Frank Rich delivers a wonderfully circuitous warning to the new president -- who by all measures is currently winning friends and influencing people. Rich is not the first to notice the growing (and scary) gap between false Republican "populism" and genuine, growing populist fury in the center and on the left. Citing Obama's campaign speech on race as the only rival to his address before Congress the other night, Rich warns that although Obama holds all the cards, he may be on the edge of trouble.
But not yet. For now the Republicans' obsession with shades of color has gotten them into real trouble. Obama is (confusingly) both a person of color and a member of what Republicans scathingly call the "elite". Republicans are falling over themselves in their effort to come up with a colorful rival. And they have failed badly. From John Boehner's slick, elitist tan to Bobby Jindal's refusal to accept federal stimulus funds for a bankrupt school system which serves the Louisiana underclass (majority black) very badly, the right's effort to create an impression of inclusiveness has bombed.
There's the other "rising star" on the Republican side: Mark Sanford. Maybe he should have given the opposition's response to Obama, not Jindal. Oops, maybe not.
In her plea, the teenager begged for aid to her substandard rural school. Without basic tools, she poignantly wrote, she and her peers cannot “prove to the world” that they too might succeed at becoming “lawyers, doctors, congressmen like yourself and one day president.”
Her school is in Dillon, where the Federal Reserve chairman, Ben Bernanke, grew up. The school’s auditorium, now condemned, was the site of Bernanke’s high school graduation. Dillon is now so destitute that Bernanke’s middle-class childhood home was just auctioned off in a foreclosure sale. Unemployment is at 14.2 percent.
Sanford is another of those stimulus money refusniks for whom "principle" (rightwing politics + selfish social attitudes) comes before reality.

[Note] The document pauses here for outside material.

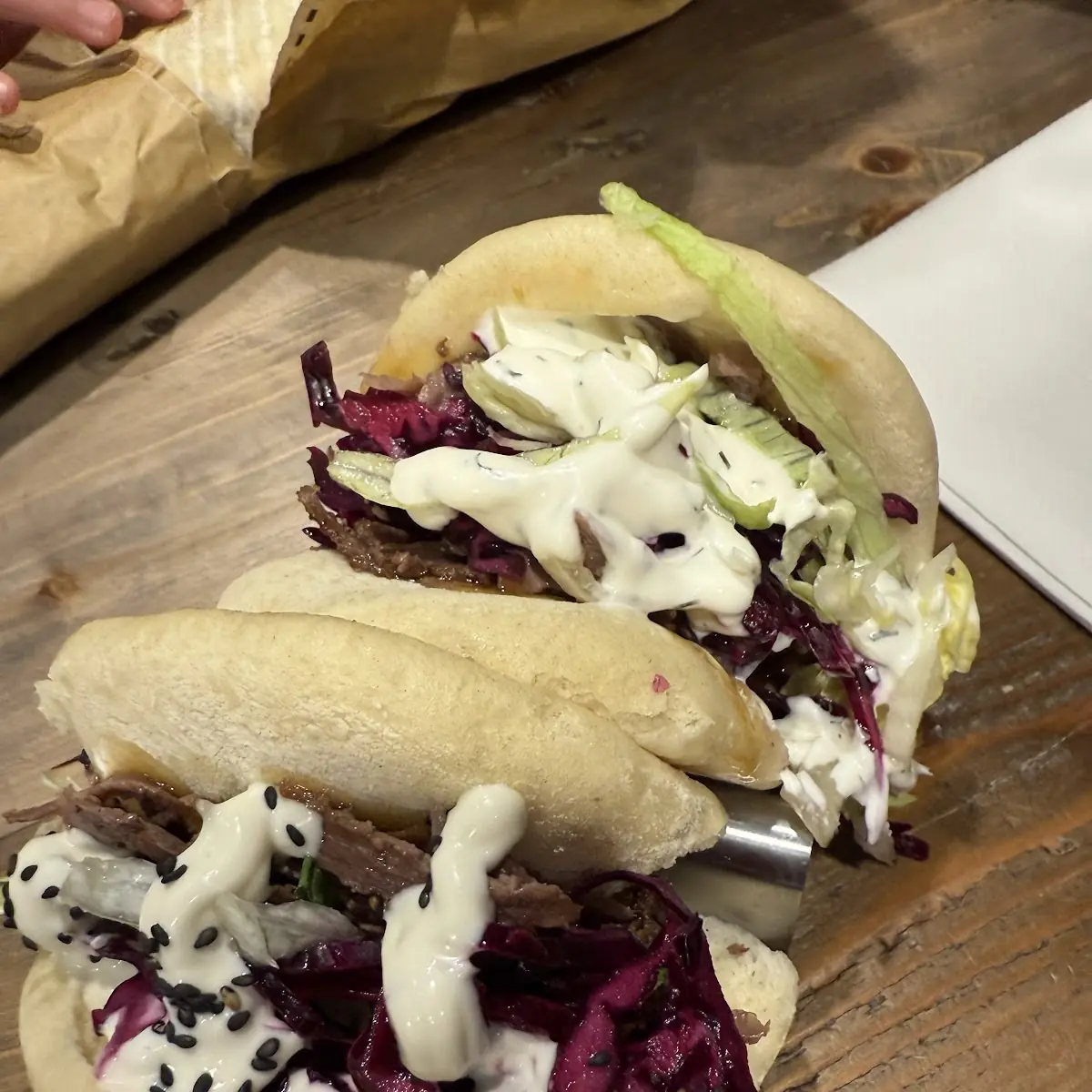 Asia Döner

After Obama spoke last Tuesday evening, Rich reports, "CBS News found that support for his economic plans spiked from 63 percent to 80." So what's with the pessimism? It feeds on Obama's ties to Wall Street supporters since his Senate days and his unwillingness to punish the banks publicly.

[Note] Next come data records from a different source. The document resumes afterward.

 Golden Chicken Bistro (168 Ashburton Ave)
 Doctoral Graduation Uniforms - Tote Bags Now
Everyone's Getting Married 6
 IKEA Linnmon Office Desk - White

Handing more public money to the reckless banks that invented this culture and stuck us with the wreckage is the new third rail of American politics. If Obama doesn’t forge a better plan, neither his immense popularity nor even political foes as laughable as Jindal can insulate him from getting burned.
Wait. Most economists agree that the banks alone didn't bring the economy down. From government through media to the debt-accumulating "common man," we all had a hand in creating the financial mess. So the populist rage at banks is neither entirely off-base nor altogether logical. How to temper that rage? With a president as articulate and well-regarded as Obama, a politician who has the biggest megaphone in the world, it shouldn't be that difficult.
Certainly one measure that would help stem the fury would be to oblige banks to reset consumer credit interest rates at a low number, cap consumer credit limits, and provide incentives for paying off consumer loads a.s.a.p. Wouldn't getting the huge, GDP-surpassing, consumer debt load off our backs solve a lot of problems, practical as well as political? Or are many Americans stuck with watching their tax dollars support lending practices which are already costing them everything they've got?